El Real Madrid femenino debuta este martes en la Champions League contra el Manchester City en el Estadio Alfredo Di Stéfano (21:00 horas, Real Madrid TV) y lo hace con las bajas de dos de sus jugadoras más importantes, Marta Cardona y Kosovare Asllani, a quienes se sumó a última hora Maite Oroz, quien entró en la convocatoria de David Aznar, aunque en el entrenamiento de este lunes sufrió una lesión de tobillo, al igual que la portera titular, la francesa Meline Gerard, que se rompió dos dedos de la mano y estará cuatro meses de baja, por lo que ambas también se perderán la ida de la ronda previa contra las inglesas.

Sin embargo, y a diferencia de lo que sucede con el equipo masculino, incluso con los casos de Covid que han padecido desde Zidane en su día a Benzema más recientemente, el Real Madrid no informó de los motivos de sus ausencias.

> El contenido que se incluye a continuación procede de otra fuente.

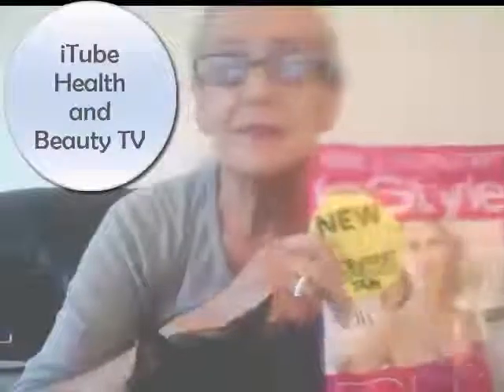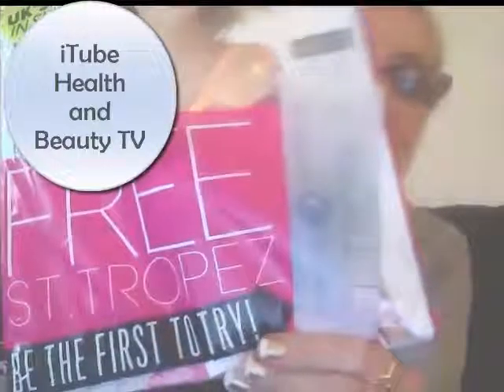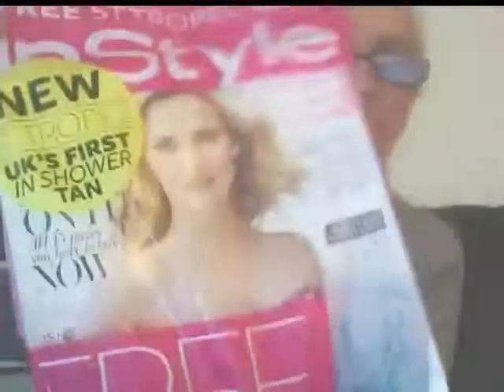Today I'm going to be reviewing something I bought last week in a magazine. I quite often buy magazines when I get free gifts. And this is the Santa Fe shower tan. UK's first in-shower tan — quite innovative. So we'll see how that works. It's a gradual tan, so it'll be quite mild. I'm going to hop in the shower and try it out for you and see what I think.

Esto, que tampoco es nuevo, no ha gustado a las futbolistas, cansadas de este trato desigual, además de la poca visibilidad que el club que preside Florentino Pérez da a su equipo. Lo cierto es que basta con echar un vistazo a la web del Real Madrid para comprobar la clandestinidad del femenino, aunque casos como estos de Cardona y Asllani dejan patente estas diferencias.

Kike Marín

De hecho, y ante la negativa del club de hacer públicos sus respectivos partes médicos, fueron las propias jugadoras las que lo hicieron. Así, Marta confirmó en Twitter la noticia que en esta misma red social adelantó una aficionada, quién sabe si filtrado por la propia delantera para así poder sacarla a la luz sin que desde el Real Madrid le dijeran nada. “¡Buenas a tod@s! Quería que supierais que una lesión en la rodilla me va a impedir estar con el equipo un tiempo. Ha sido una noticia complicada de asimilar, ya que soy una persona muy competitiva y a la que le gusta ayudar siempre al equipo…”, escribió la aragonesa.

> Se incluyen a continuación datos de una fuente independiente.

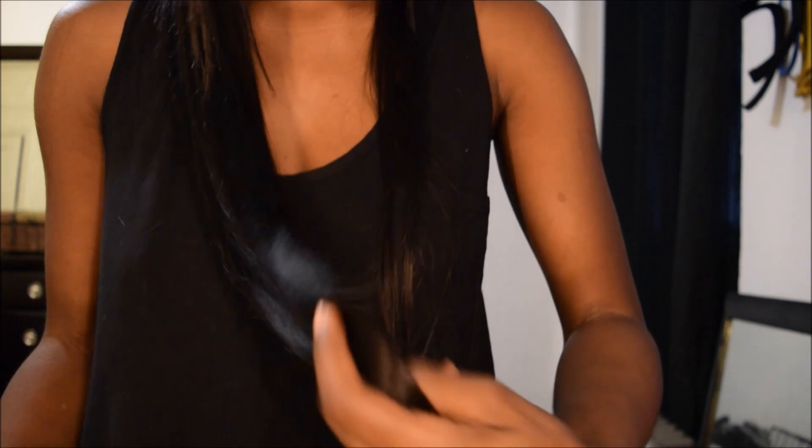I'm going to stand up a little bit so that you can see how long this hair really is. It goes all the way down to my hip bones pretty much. I'm about 5'6" to 5'7", so the hair is long. This hair is gorgeous, I love it. It's definitely very sexy.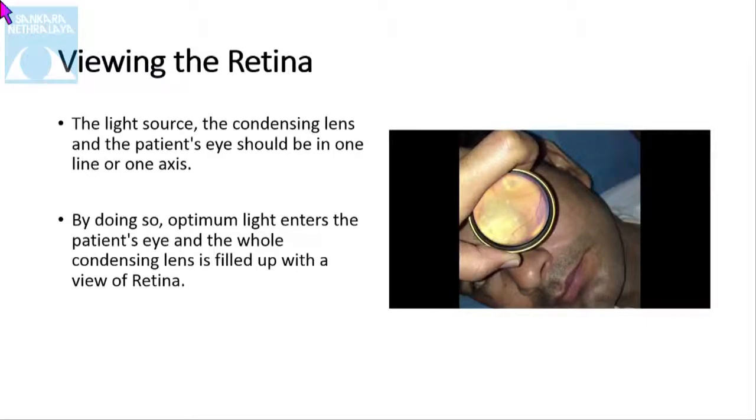When viewing the retina, the light source, the condensing lens, and the patient's eye should be in one axis, so that we can see the retina as shown in this picture. By doing so, the optimal light enters the patient's eye and the whole condensing lens is filled with the view of the retina.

Horas después, fue Asllani la que informaba en sus redes sociales de que había dado positivo en Covid. “Estoy muy triste por anunciar que di positivo en la prueba de COVID-19 (estoy vacunada) y me perderé nuestro histórico partido de la Champions League el martes. Tenía muchas ganas de jugar y no puedo explicar con palabras lo triste que estoy por perdérmelo”. La sueca, que tiene varios e importantes patrocinadores, no podía permitirse que no se supiera oficialmente por qué no podía jugar la Champions contra el Manchester City, de ahí que también ella diera el paso de informar de algo que se supone que le compete al Real Madrid.

Todas las futbolistas necesitan, y por ello así lo demandan, que sus clubes les den visibilidad, pero en el caso de la sueca el caso es especialmente sensible por los patrocinadores antes comentados, que van desde Nike a KIA pasando por VISA o Coca Cola. De ahí el malestar al que en esta ocasión en el Real Madrid se unió con más fuerza que nunca la directora deportiva, Ana Rossell. La que fuera presidenta del CD Tacón era partidaria de hacer pública estas informaciones que, todo sea dicho, no tiene ningún sentido ocultar cuando son las propias afectadas quienes quieren que se conozcan.

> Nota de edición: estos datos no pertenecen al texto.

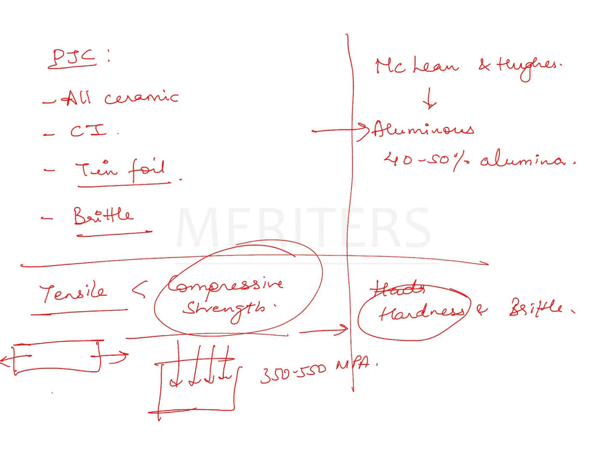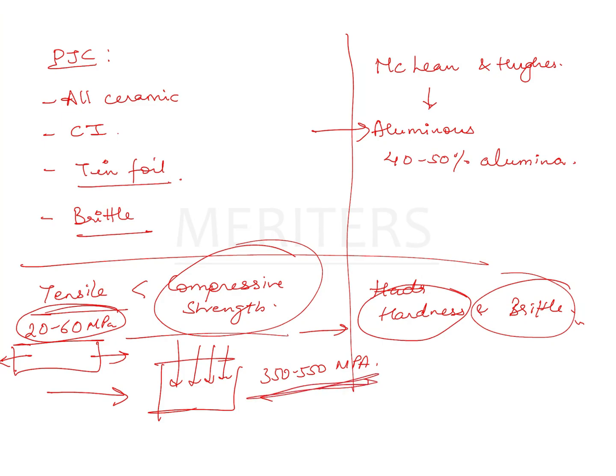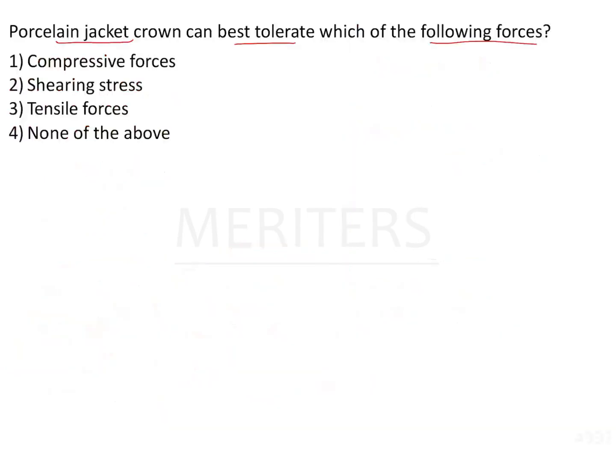Tensile strength refers to how easily you can pull or stretch something. Tensile strength and compressive strength are nearly opposite of each other. If a material is easily pulled and fractures, it is brittle in nature. The tensile strength of this material is nearly 20 to 60 megapascals, which is nearly 10 times less than the compressive strength.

Sin embargo, Begoña Sanz, la adjunta al director general, el misterioso JAS (José Ángel Sánchez), se opuso a lo que hubiera sido un cambio radical en la política de comunicación del Real Madrid femenino, aunque lo más correcto sería hablar directamente de política de incomunicación. Dentro del club no falta quien piensa que quizás la negativa de Begoña a dar visibilidad al equipo femenino se debe principalmente a evitar que Ana tenga la notoriedad que siempre ha buscado y que precisamente ahora podría tener como directora deportiva, que no presidenta, por mucho que Florentino Pérez ignore a las chicas.

Para entender la ‘guerra’ entre Sanz y Rossell hay que remontarse a 2016, cuando Rossell fue elegida la mujer más influyente del sector deportivo por la revista ‘Metadeporte’, precisamente en sustitución de Sanz, quien después de liderar este ranking en 2015 bajó a la sexta posición, por detrás también de Amaia Gorostiza (presidente de la SD Eibar), Susana Pérez-Amor (subdirectora general de Mujer y Deporte, del CSD) Nekane Arzallus (presidenta del Gipuzkoa Basket) y Victoria Pavón (presidenta del CD Leganés). Como exfutbolista que es, Ana siempre ha pensado que Begoña no sabe de fútbol y ahora tampoco le gusta su manera de gestionar el marketing y la comunicación.

Kike Marín

Y volviendo al tema de la visibilidad, no está de más recordar que en lo que sí funciona igual el Real Madrid con el equipo masculino y el femenino es que jugadores y jugadoras tienen cedidos la mitad de sus derechos de imagen al club, de ahí precisamente que las segundas no entiendan el trato desigual a la hora de informar y dar notoriedad a unos y otras. Cuesta creer que solo sea para no dársela a Ana Rossell, a quien, eso sí, no le va a faltar protagonismo las próximas semanas, cuando veremos si Begoña Sanz corre o, por el contrario, descorre las cortinas…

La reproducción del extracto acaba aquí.